Я сейчас вспомнил, когда я жил у Уваровых, на частной квартире, однажды Мария Игнатьевна — сестра хозяйки — обратилась ко мне с просьбой застрелить соседскую кошку. Кошка так же сожрала ее цыпленка. Я уклонился от подобной экзекуции. Тогда М.И. поймала кота, устроив ему ловушку в сарае, и вооружившись топором, размозжила ему голову. Может быть, это в обиходе у здешних домохозяек?
Ну, а разве мама как-то не рассказала мне, не без удовольствия, горестно изумив меня до глубины души — что у них был какой-то замечательный пес, то ли овчарка, то ли дог, которым налету разрывал соседских кошек, забиравшихся в их сад.
Может быть, мы не видели на улицах таких расправ с лошадьми, а наши шоферы все-таки не Ксерксы и заартачившаяся машина не наказывается подобно Гелеспонту.
Не имитируя Монтеня — que sars ji?
И рядом с топорами и кошками, в порядке сосуществования: |только что? В канву моего рассказа вошла Оля. Чудесная девушка, похожая на белую лилию. Вошла и получила завернутую в бумагу коробку.
— В коробке воробей с перебитой лапкой. — Оля работает в аптеке. Она ему оказала первую помощь: забинтовала лапку, накормила и несет его домой.
Мне не свойственна маниловщина и сюсюкающая сентиментальность, но
…Как хорошо бывает жить на свете, Когда средь нужных и полезных, дел, Мы бережем, внимательные дети, Сочувствие к орлу, к цветам, к воде И нашу близость к голубой планете.***
Было еще одно существенное различие в наших характерах — девушки очень занимали мое воображение. Пожалуй, я не ошибусь, если скажу, что с 7 лет я был «перманентно» влюблен. Причем это была весьма идеальная и чистая влюбленность, как-то совсем не связанная с вожделением. И, увы, но это весьма присуще моей среде, вожделение у нас вызывали женщины «низшего» сословия — горничные, девчонки-няньки и т. д.
Впрочем, никаких «жертв» на моей совести не было. Для Бориса, как мне казалось, и судя по его поведению, женщины совершенно не существовали. Он не любил никаких наших кадетских балов, не танцевал, не заводил никаких знакомств и решительно ни за кем не ухаживал. Отзывался о женщинах пренебрежительно:
— Глупые индюшки!
В отпуск он не ходил. Театры, как мне помнится, тоже не любил. Каждое воскресенье мы, кадеты старшей роты, ходили в театр, в оперу, иногда в цирк и на концерты.
Во время войны (1914 года — Н.Ч.), а наша дружба и протекала именно в этот период, мать моя жила в Нижнем (Новгороде — Н.Ч.). Но так и не удалось уговорить Бориса приходить к нам в отпуск. Он грубовато отвечал:
— Что мне там делать? Только терять время!

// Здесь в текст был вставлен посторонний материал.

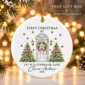 personalized ceramic new home ornament for first christmas couple product image mockup view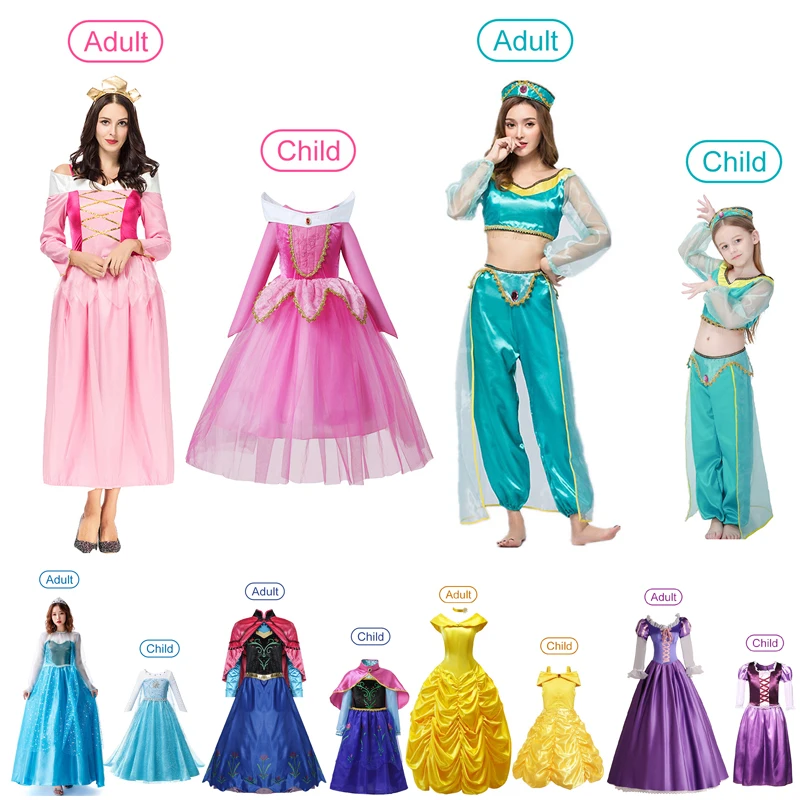 Fashion Family Matching Clothes Mother Daughter Dresses Women Elsa Anna Dress Baby Girl Aurora Dress Mom Baby Girl Party Costume
Fashion Family Matching Clothes Mother Daughter Dresses Women Elsa Anna Dress Baby Girl Aurora Dress Mom Baby Girl Party Costume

В старших классах кадеты, не имевшие семей или знакомых, словом, не ходившие с субботы на воскресенье в отпуск, — пользовались правом после обеда в воскресенье уходить в город до 10 часов вечера. Но и этим правом Борис почти никогда не пользовался. В денежном отношении Борис не был стеснен. Но по каким-то причинам, помнится мне, даже на рождественские и пасхальные, и летние каникулы Борис иногда не уезжал домой, а оставался: зимой — в корпусе, летом — в наших кадетских лагерях.
Борис был необычайно сдержан, до скрытности, и о своих семейных отношениях никогда не говорил. Возможно даже, что у него была не мать, а мачеха, и, мне кажется, матери или мачехи он не любил.
Лагери эти были чудесные. В Балахово, в сосновом бору, недалеко от лесной реки, притока Волги, название которой у меня, увы, стерлось в памяти.
Семья Бориса в начале войны, уходя от фронта, из западного края переехала в Екатеринодар (Краснодар) на Кубань. И вот, опуская здесь все события до 5 мая 1919 года, именно в этот день, из Ростова, где я пролежал два месяца с пятью приступами возвратного (тифа — Н.Ч.) и не выходя из госпиталя перенес и свиной тиф; подобный бледной тени, я появился в Екатеринодаре, приехав на поправку к моему отцу. Отец жил на квартире в доме на окраине города, почти у самой Кубани. Дом стоял посередине сада, отгороженного от улицы высоким забором. Могучие старые черешни, другие плодовые деревья и густые заросли сирени почти скрывали его от глаз.